*What this task involves*
Write out all of the data without omission, exactly as shown.

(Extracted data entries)
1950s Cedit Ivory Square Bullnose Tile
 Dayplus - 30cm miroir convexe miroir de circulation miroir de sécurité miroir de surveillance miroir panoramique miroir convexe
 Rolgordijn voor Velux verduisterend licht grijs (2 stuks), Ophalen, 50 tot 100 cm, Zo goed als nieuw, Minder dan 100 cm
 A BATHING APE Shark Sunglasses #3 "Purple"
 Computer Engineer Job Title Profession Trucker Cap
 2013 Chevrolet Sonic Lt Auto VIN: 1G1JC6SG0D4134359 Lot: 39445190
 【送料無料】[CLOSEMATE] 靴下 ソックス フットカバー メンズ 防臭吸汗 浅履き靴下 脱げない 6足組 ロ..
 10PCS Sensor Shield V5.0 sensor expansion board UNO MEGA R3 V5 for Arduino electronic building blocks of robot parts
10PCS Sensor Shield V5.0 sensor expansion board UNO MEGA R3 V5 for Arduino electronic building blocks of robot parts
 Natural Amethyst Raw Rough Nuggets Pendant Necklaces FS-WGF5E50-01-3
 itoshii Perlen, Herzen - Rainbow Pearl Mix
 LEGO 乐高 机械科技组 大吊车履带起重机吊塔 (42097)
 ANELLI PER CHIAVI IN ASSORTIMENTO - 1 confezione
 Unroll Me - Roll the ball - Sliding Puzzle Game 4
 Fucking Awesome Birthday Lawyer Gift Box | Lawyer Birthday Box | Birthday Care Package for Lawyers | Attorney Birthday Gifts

*The completed task*
1950s Cedit Ivory Square Bullnose Tile
 Dayplus - 30cm miroir convexe miroir de circulation miroir de sécurité miroir de surveillance miroir panoramique miroir convexe
 Rolgordijn voor Velux verduisterend licht grijs (2 stuks), Ophalen, 50 tot 100 cm, Zo goed als nieuw, Minder dan 100 cm
 A BATHING APE Shark Sunglasses #3 "Purple"
 Computer Engineer Job Title Profession Trucker Cap
 2013 Chevrolet Sonic Lt Auto VIN: 1G1JC6SG0D4134359 Lot: 39445190
 【送料無料】[CLOSEMATE] 靴下 ソックス フットカバー メンズ 防臭吸汗 浅履き靴下 脱げない 6足組 ロ..
 10PCS Sensor Shield V5.0 sensor expansion board UNO MEGA R3 V5 for Arduino electronic building blocks of robot parts
10PCS Sensor Shield V5.0 sensor expansion board UNO MEGA R3 V5 for Arduino electronic building blocks of robot parts
 Natural Amethyst Raw Rough Nuggets Pendant Necklaces FS-WGF5E50-01-3
 itoshii Perlen, Herzen - Rainbow Pearl Mix
 LEGO 乐高 机械科技组 大吊车履带起重机吊塔 (42097)
 ANELLI PER CHIAVI IN ASSORTIMENTO - 1 confezione
 Unroll Me - Roll the ball - Sliding Puzzle Game 4
 Fucking Awesome Birthday Lawyer Gift Box | Lawyer Birthday Box | Birthday Care Package for Lawyers | Attorney Birthday Gifts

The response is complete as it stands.